How to Keep People From Sinning

Hint: You really can't. So, then what?

I’m a preacher/pastor, and my job description is to keep people from doing what they obviously want to do. I’ve often felt like a police officer at a rock concert charged with keeping the concertgoers from smoking pot. Everywhere I turn, people are lighting up, and the air is so sweet that I feel like a mosquito in a nudist colony.

With a job description like mine, I hardly ever get invited to parties (at least, not the good ones). Sometimes I feel like a wet shaggy dog shaking himself at a wedding. I tell the guests that I’m trying to help and that God anointed me to reach out to them, but they simply don’t care.

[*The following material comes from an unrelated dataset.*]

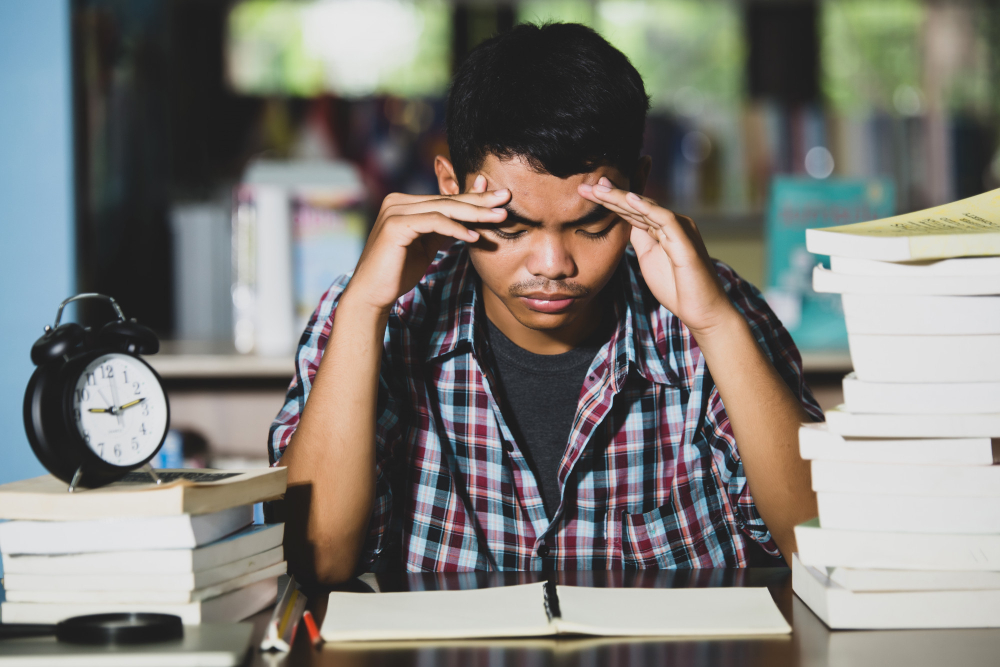 student holding his head - Is History A Level Hard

Preachers are supposed to keep people from sinning. I haven’t been very successful so far. And I’ve been trying for 40 years.

There are times when I feel like I’m standing by the sheer edge of a high cliff that people frequently approach. “Be careful,” I tell them. “It’s a long way down, and coming to a stop at the bottom will be quite unpleasant.” They look at me. They sometimes even thank me.

Preachers are supposed to keep people from sinning. I haven’t been very successful so far.

Then they jump.

But I keep at it. “Hey,” I say to the next group that approaches the cliff, "not too long ago, I saw people go off that cliff; if you’ll bend over and look, you can see the bloody mess they made.” Like everybody else, they seem grateful for my concern. They may even say something about my compassion and wisdom.

Then they jump. It happens again and again.

Frankly, I’m tired of it. In fact, I’ve given up standing by this stupid cliff. I’m tired of being people’s mother. I’m tired of trying to prevent the unpreventable. I’m tired of talking to people who don’t want to listen. And I’m tired of pointing out the obvious.

Let me tell you. Human beings have an undeniable proclivity to sin—to jump off the cliff. We’re drawn to it. We love it (at least for a while). No matter who tries to keep us from doing it or how much pain it will cause, we are irresistibly drawn to that cliff. Maybe we want to fly. Could it be that we have a masochistic streak in our DNA? Could it be that our default position is jumping off cliffs? I don’t know. But for whatever reason, we do jump, we do get hurt, and—if we survive—we then climb back up the cliff and jump again.

With my apologies to my fellow teachers and preachers, I’m going to pull back the curtain and tell you some of the techniques we use to try to keep people from sinning.

1. Manipulate with guilt

I’m tired of trying to prevent the unpreventable. I’m tired of talking to people who don’t want to listen. And I’m tired of pointing out the obvious.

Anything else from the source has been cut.